In the Anatomy of the Psyche, Edward Edinger wrote:
Psychologically, the result of separatio by division into
two is awareness of the opposites. This is a crucial feature of emerging
consciousness....To the extent that the opposites remain unconscious and
unseparated, one lives in a state of participation mystique, which means
that one identifies with one side of a pair of opposites and projects its
contrary as an enemy. Space for consciousness to exist appears between the
opposites, which means that one becomes conscious as one is able to
contain and endure the opposites within.
p. 187)
Harry will need a lifetime of training and support to use
the blade wisely as a tool of discernment and discrimination.

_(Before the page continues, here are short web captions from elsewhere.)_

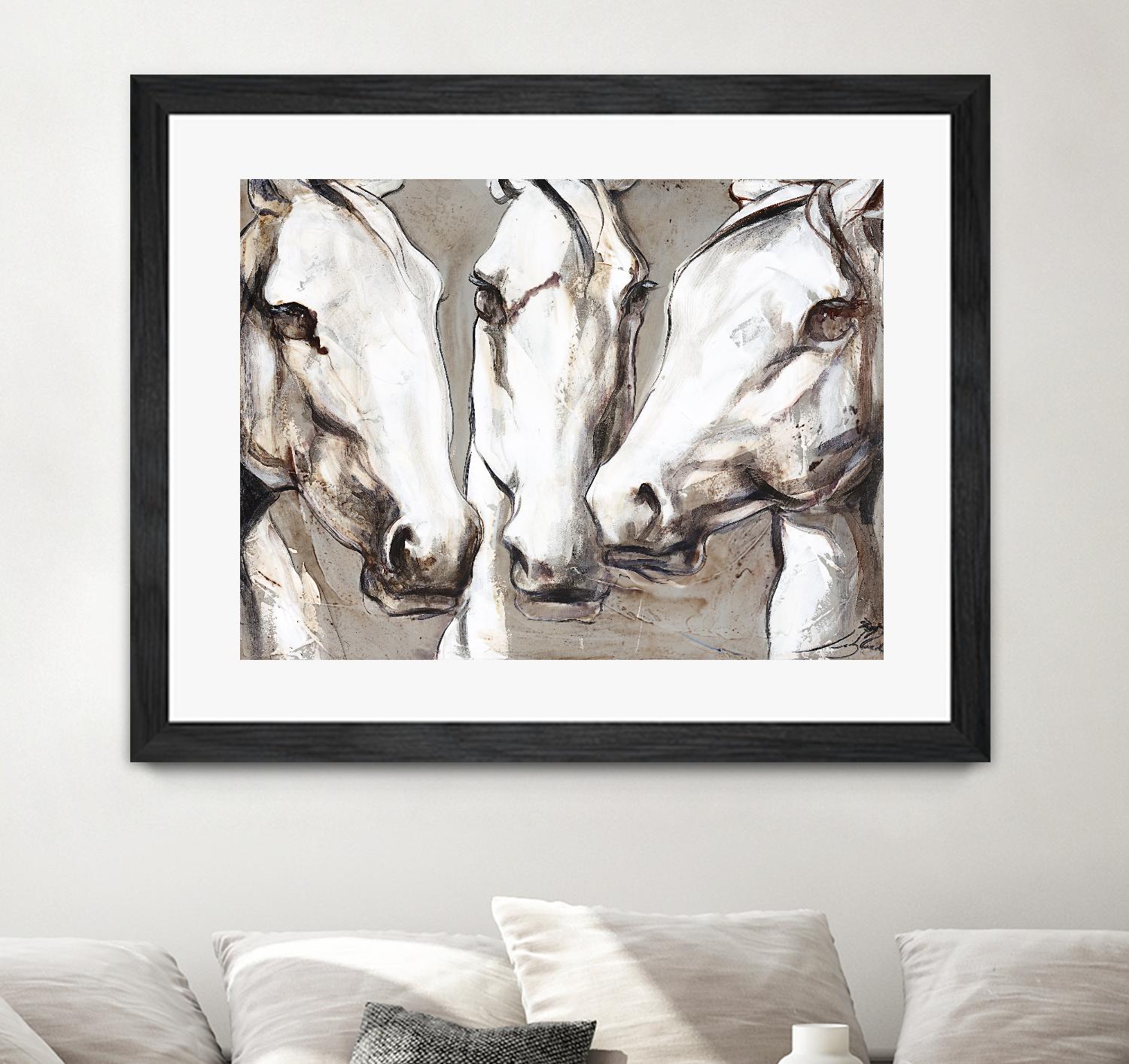 Ghosts of the past by Marie Andrée Leblond on GIANT ART - white animals artistes du québec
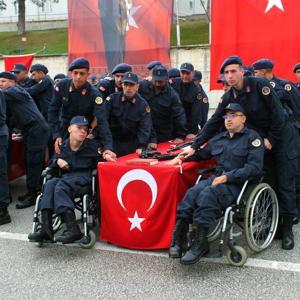 Yozgatta 38 engelli vatandaş askerlik yemini etti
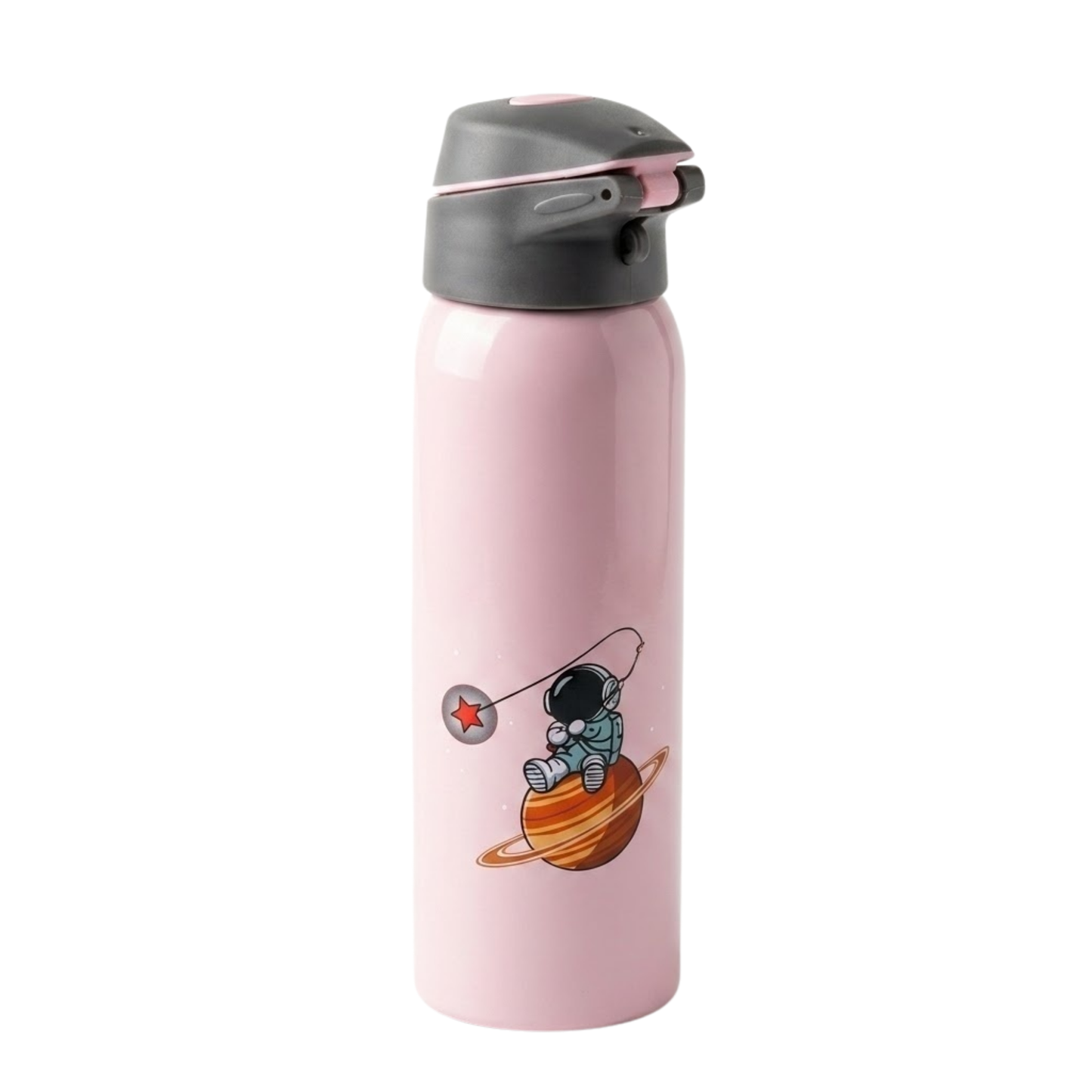 500ml Kids Stainless Steel Drinking Bottle with Flip Top Sipper Lid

In Volume Three, Harry Potter and the Prisoner of Azkaban, Harry is thirteen
and entering his third year at Hogwarts. This time he encounters still
darker aspects of the archetypal and magical world. Sophisticated
psychological concepts serve as carpets that move Harry and the reader into
profound realms of emotional experience. His parents become more present in
his consciousness.
As part of his development as a teenager and wizard, Harry's attitude
becomes increasingly rebellious. He is "talking back" to the
Dursleys, who say terrible things to him. Like many child abuse survivors,
Harry has learned to cope with torturous mental treatment. Although often
burning with rage, he tells himself not to respond and to stay focused on
his goals. An aunt insults him via his dead mother with "You see it all
the time with dogs. If there is something wrong with the bitch, there'll be
something wrong with the pup--" (p. 25) But he can no longer keep body
and mind split. He retaliates by making the relative inflate like a giant
balloon. Then he runs away to Hogwarts.
FACE-TO-FACE WITH DEATH
Out on the street at night, Harry panics that he'll get expelled as
punishment for performing magic as an underage wizard, away from Hogwarts.
The threat of expulsion is always in the orphan's mind when he doesn't
follow the established rules. As part of owning his authority, Harry is more
drawn to obey inner values that are more compelling than any collective law.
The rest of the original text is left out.